The state would staff each prison with state officers, while leasing the facilities.

The proposed sites are in three areas of Alabama:

  • Facility One is to be located near State Road 139 and County Road 2 in west Alabama's Bibb County. The developer team is Alabama Prison Transformation Partners, which includes New York's Star America Infrastructure; BL Harbert International; Butler-Cohen LLC in Houston, Texas; Arrington Watkins Architects in Phoenix, Ariz.; and Johnson Controls Inc., a provider of security systems.
  • Facility Two currently involves multiple locations in Elmore County in the central part of the state, but a review is still under way. The developer team for that site is CoreCivic, along with Caddell Construction Co. in Montgomery; Nebraska-based DLR Group; and R&N Systems Design in Memphis.
  • Facility Three is tentatively set for a location near Bell Fork Road in Escambia County in the southern part of Alabama. For that mega prison, the developer team is made up of CoreCivic, Caddell Construction, DLR Group and R&N Systems Design.

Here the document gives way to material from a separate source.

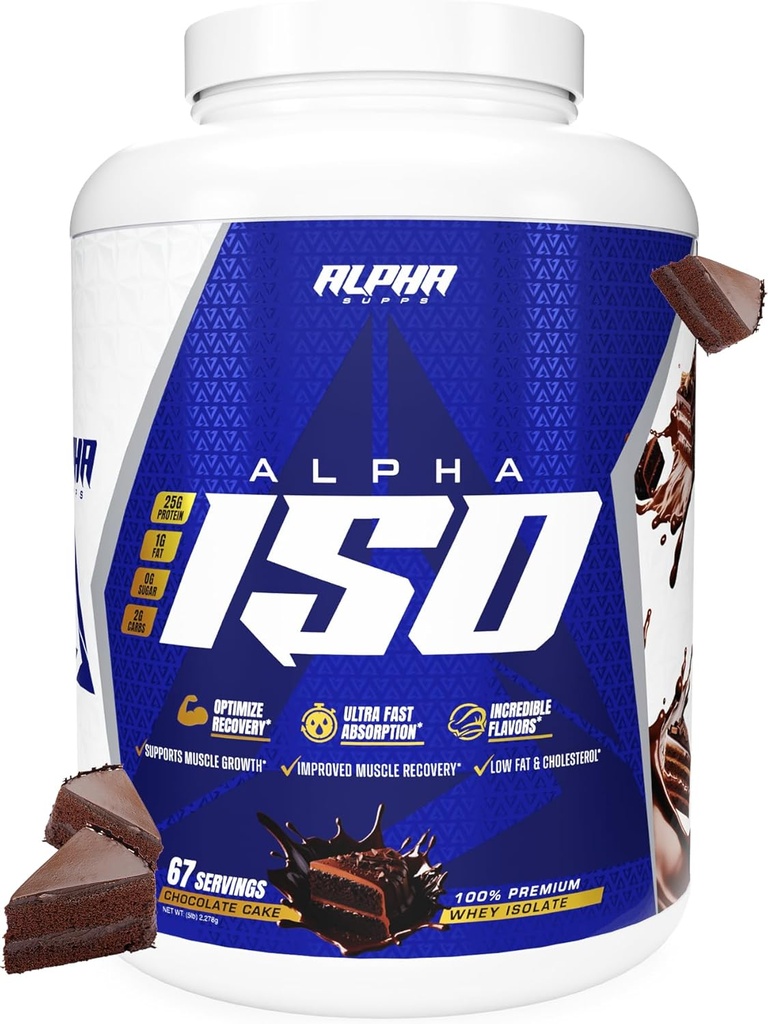 Alpha Supps ISO, Low Carb 100% Whey Protein Isolate Powder, 25 Gramm pro Servierung, hilft Muskelwachstum, Low Sugar und Gluten frei (Chocolate Cake, 5 lb)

The governor's office did not disclose the estimated cost but said "final financial terms" will become publicly available later this year and construction would begin in 2021. Spokeswoman Gina Maiola said the developers are aware of an "affordability limit" of $88 million per year. She said the three mega prisons would collectively house a total of 10,000 male inmates — more than 3,000 per prison. The state would close, or repurpose, 11 existing prisons.

The Ivey administration has pitched the plan as a smart solution to Alabama's longstanding prison woes.

"The Alabama Prison Program is vital for the long-term success of our state and communities. We must rebuild Alabama's correctional system from the ground up to improve safety for our state's correctional staff and inmate population, and we must do it immediately," Ivey explained.

The governor said the arrangement would end expensive maintenance costs on aging prisons while providing modern security systems and safer facilities allowing more room for treatment and education programs.

But the plan has run into criticism from advocacy groups and a mixed reception from state lawmakers, with some saying the leases will be costly without addressing systemic problems. Considered one of the most violent and understaffed systems in the country, the Alabama prison system also has faced a litany of federal criticism.

State Attorney General Steve Marshall praised Ivey for "tackling head-on the toughest issue facing our state, replacing Alabama's aging prisons with modern facilities that will better serve to rehabilitate the inmate population while also protecting our communities."

On the other hand, Tuscaloosa state Rep. Chris England said the leases do not make financial sense because they will plunge the state billions of dollars into debt.

"We are going to spend well over two billion dollars and not own the land, or the facilities or have any control over the facilities," he added.

State Sen. Cam Ward, from Alabaster, was a bit more cautious regarding the three new prisons. He is comfortable with the cost estimates put forward by the administration but said the plan is not the sole solution.

The lease plan bypasses the typical route of securing legislative approval to borrow money to build state buildings. Prison construction bills failed in the legislature among political infighting over which districts would lose existing prisons and which ones would get the new facilities and the jobs that come with them.